4 Responses to “Zeal Goggle Review — Terrific Ski Touring Eye Protection”

  1. Anthony Rabinowitz January 8th, 2006 5:24 am

    I read your review of the Zeal photocromatic goggle with interest. I have a Birko goggle that was about the same price and is also photocromatic, but offers different light transmission options.

    The light transmission on the Zeal ranges from 33% in low light to 16% in bright light. For the Birko, it ranges from 55% to 29%. Because of those figures, I think the Zeal would be better for bright days and the Birko for low light and night uses. I got the information on the Zeal from the website linked to on your blog, and for the Birko I called the distributor at 1800 578 5790.

    I should also tell you that while the Birko is OK for occasional use at night, if I know I am going to being my goggles extensively at night, as during a SAR in a storm I take a pair of Oakley goggles for which I have two interchangeable lens, one clear and one organge. There is a noticeable difference in night performance between the clear Oakley and the Birko in low light mode.

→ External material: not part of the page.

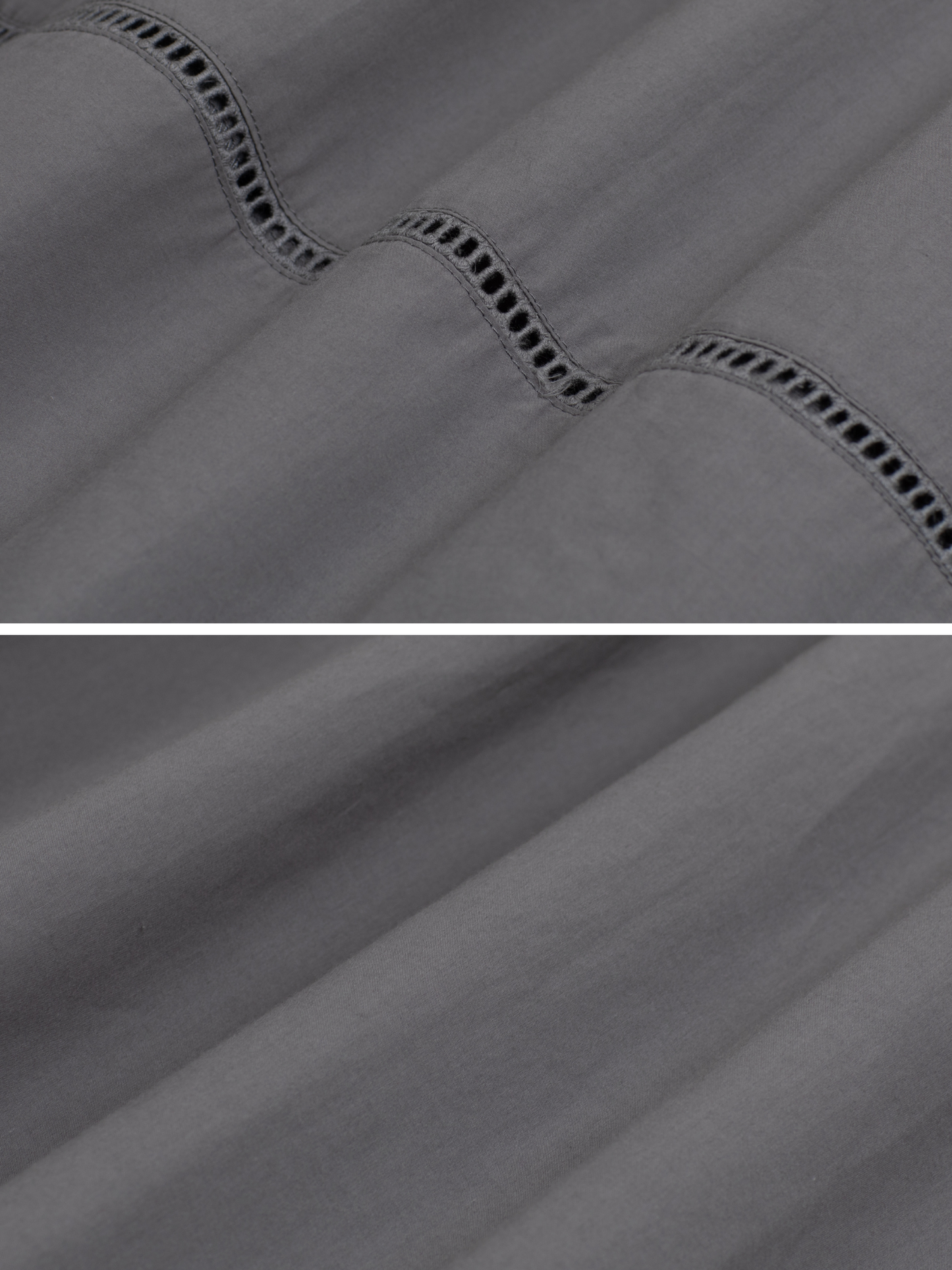 Minimal A-Line Midi Skirt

  2. Wink Jackson, designer Zeal Optics January 10th, 2006 6:34 am

    Hello!
    Thank you for your response. One important factor not mentioned in the blog review, is the fact that the PPX lens is both POLARIZED & PHOTOCHROMATIC. The Polarized filter cuts glare in bright light and in bright and snowing conditions. The high contrast, light adjusting Photochromatic lens treatment allows it to go into lower light and back to brighter light conditions. Please see Lou’s review for additional information at http://www.wildsnow.com/?p=73#comments
    If you have further questions, please call us at 888-454-9325. Thank you!

  3. Halcyon January 11th, 2010 10:07 am

    Great review, nice goggles, however I wish photochromatic lenses were a little bit more responsive when it comes to entering a darker environment

  4. Scottie Mac January 20th, 2012 3:40 pm

    The Zeal’s do look good. We think good goggles are crucial these days, we’re all boarding harder and faster, and if you can’t see – it’s not safe. There’s goggles around now with build in fans and heated lenses – these can prevent accidents from occurring, the helmets can prevent injury.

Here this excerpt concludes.